Our new business has unique marketing challenges and opportunities. For one thing, we can determine the exact market size, at least in the number of sales because our formerly-monopoly status competitor publishes its market data openly, in a searchable database. And since the legal notice advertisements we are publishing are required by statute and regulation in Ontario, we know that we can’t expect to grow the market beyond what we see (unless of course the overall construction market grows and there are more projects completed or otherwise subject to the required legal notices.)
For the past few days, I’ve been vacillating between hope and excitement and frustration about our marketing and business development process. After all, it is quite a lot of work to produce an eight page daily PDF newspaper when we may have one $250 paid ad occupying about 1/16 of a singe page every two days.
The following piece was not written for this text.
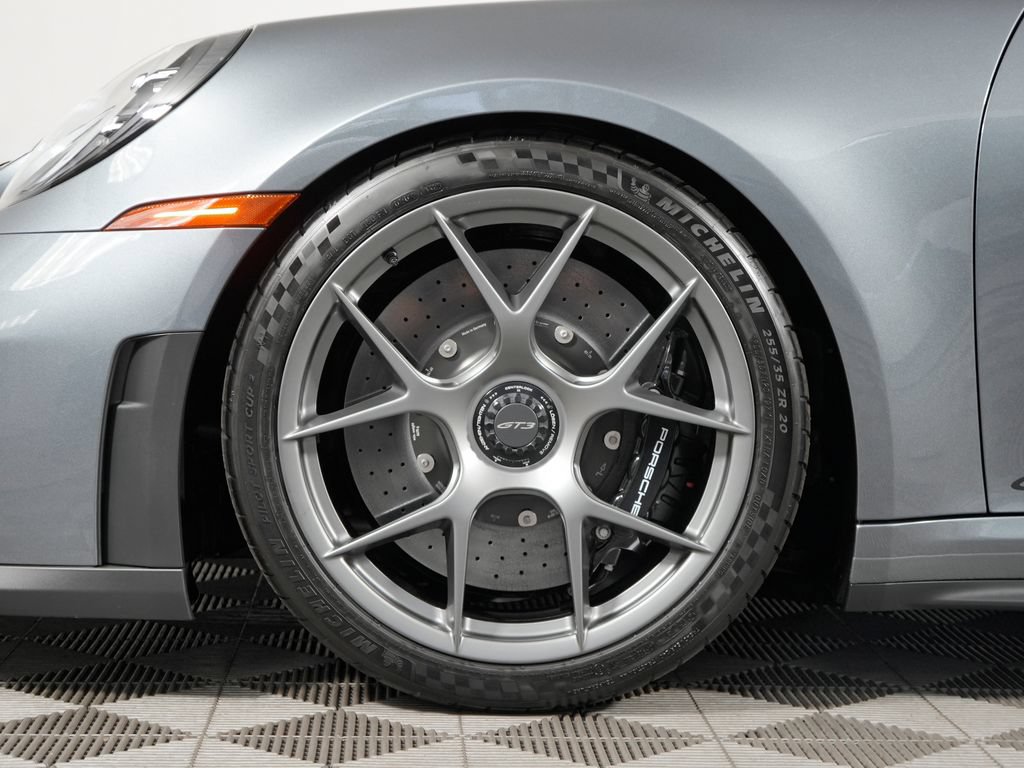 New 2026 Porsche 911 GT3 RWD image 19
On the other hand, our costs are so effectively under control that even at the absurdly low market share (and with pricing upwards of 50 per cent less than the competition) we can hang on without depleting capital with the ability to pay key cash costs out of operating revenues.
Still, the question arises — how can we grow from 2 per cent market share to 5 per cent, to 10 per cent — to, wouldn’t it be great — 20 per cent or more?
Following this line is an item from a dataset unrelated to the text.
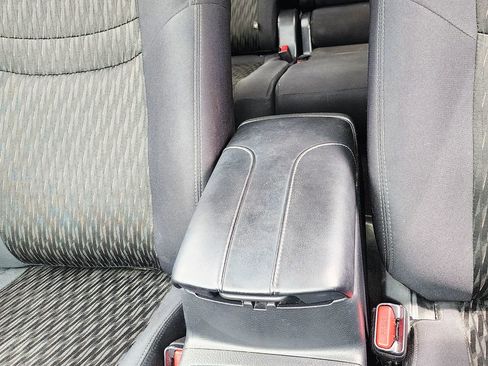 Used 2019 Nissan Rogue SV AWD/4WD image 40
And this is where things get challenging. While we have a good idea of who our customers “should” be — it will take some effort to break the inertia and satisfy them that we are delivering the promised value.
Consider these points:
- Our sales are a one-off deal, though some clients need to purchase the product several times a year;
- The day-to-day function of placing orders will generally be delegated to a clerical/accounting person, without much decision-making authority;
- The person placing the orders will generally not be spending her/his own money;
- The budget line item significance of these ads, in comparison to an overall project value, is insignificant;
- Some advertisements are placed by much larger organizations and government agencies. Finding the decision-maker who would actually set the rules and processes will be like finding a needle in a haystack; and
- Finally, there is inertia: The old system works, it is safe to use, so why change
Our approach to overcoming these problems includes:
- Strategic alliance with DataBid.com, which has a solid list of potential customers, and also helps by providing crucial project information data;
- Self-marketing in our own publications (obviously);
- Association strategic alliances (just getting started, and may prove to be effective); and
- Google AdWords — In theory, these ads should be inexpensive as there is no keyword competition, but Google uses artificial intelligence to set “what the traffic will bear” prices. It is still early but we are getting some business this way.
At our weekly planning meeting yesterday, we discussed some other ideas but I’ll keep these under wraps until they are proven — I realize I am writing in an open place and the competition can read every word. (But everything here should be clearly visible to the competition, whether or not I write this note in public.)
Here’s a question for you. Given the details here (and any questions you may wish to ask by comment below or direct email to buckshon@constructionmarketingideas.com) are there any things you would do differently in the circumstances?
It seems quite unusual for me as a marketing expert to ask for marketing advice from my readers, but right now I’m living through a real-life start-up experience and good ideas are welcome from everywhere I can find them.